It's 1997, a period when China was on the cusp of change: Hong Kong was about to get handed back, Deng Xiaopeng passed away, underperforming factories across the country were about to be closed across the country as China prepares to undergo massive social and economic change into the global player it is today. The endless rain seems to be expression of the town's declining fortunes and overall despair as police investigate a series of murders. Yu, the Head of Security at the factory, believes the serial killer is local and eagerly plays amateur sleuth, hoping that cracking the case could earn him some social advancement. He may be a big shot at the factory, but the cops barely tolerate his presence.
Yu dreams of a better life, as does the good-hearted prostitute he starts a relationship with who dreams of opening a hair salon in Hong Kong. His ego, however, is the riding force as he lays a plan to trap the serial killer that involves using her as bait. Then everything goes wrong, and he doesn't even realise the downward spiral he's jumped on until it's far too late.
The town is the biggest character in the story, its unending rain bathing everything in grey, brown, and mud like an unending hell of despair and violence. By the end, Yu may not be what he seemed or thought he was, but like the town, he's one of China's forgotten, abandoned in the wake of massive change.
Wrath of Silence
Wrath of Silence is visually the opposite of The Looming Storm, but no less bleak. Set in the sun-blasted, wide open landscapes of Northern China, it follows a mute miner searching for his missing son. This pits him against a corrupt tycoon who has bought up the local mine, and the miner, a hot-headed street brawler, uses the only things he has: his fists. Wuxia star Song Yang plays the miner as a simmering ball of rage exploding against the immovable slag of capitalist exploitation played by Jiang Wu with an air of arrogant, implacable oiliness.

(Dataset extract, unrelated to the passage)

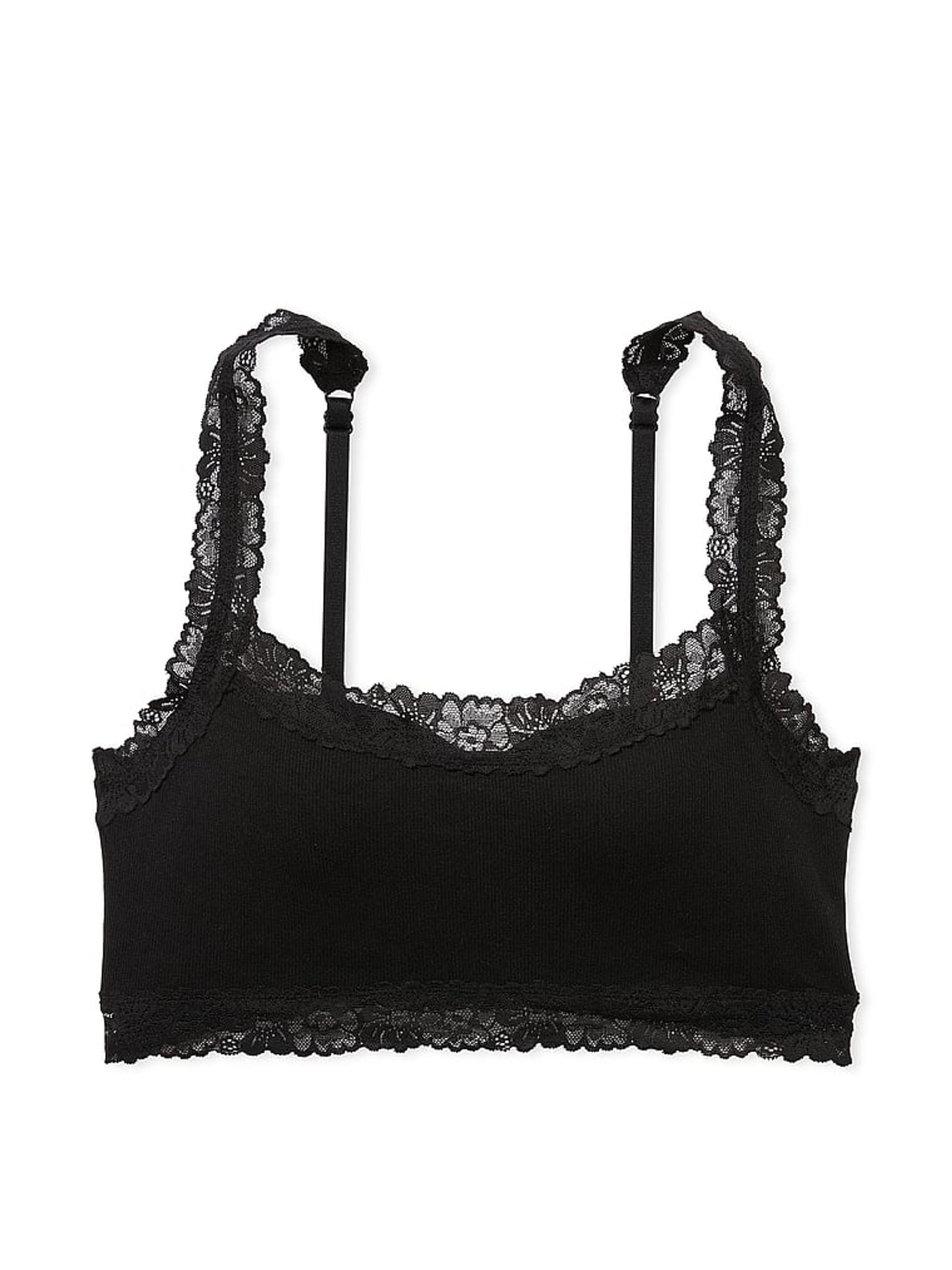 Pure Black Lace Trim Rib Seamless Bralette - Image 3 of 3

As the miner and the millionaire square off, the miner stumbles upon the kidnapped daughter of a corrupted lawyer the millionaire is trying to blackmail. The movie becomes a chase as the miner tries to hide the daughter from the millionaire's goons while the lawyer desperately tries to catch up, and everything comes to a head in the mountains.
Visual metaphors abound: sheep as symbols of slaughtered innocents. The imagery references Westerns as much as noir with the mountain frontier landscapes and shots of bodies moving across mountains and caves. There are touches of surrealism and grim humour to offset the oppressiveness of the story, like a little boy in an Ultraman mask observing adults being morally flawed and the miner having trouble starting his motorcycle, undercutting his attempts to look cool and intimidating.
The social commentary about land grabs, corrupt tycoons, and exploited workers are all in keeping with China's official anti-corruption campaigns. Censorship demands that crime is always punished, and this story doesn't have a happy ending. Murders can't be undone, the dead stay dead, and nobody gets what they want.
At two hours, both movies are too long, especially given how bleak they are, but they create a morally bleak world you feel you might drown in. What's interesting is the way Chinese Cinema now uses noir as a vehicle to deliver political and social commentary in the most dynamic and immediate way possible, following slightly different rules from those that American and European movies stick to. Subtlety is not on the menu here, moral outrage is — and as long as inequality and strife continue, Chinese noir is not going to run out of material anytime soon.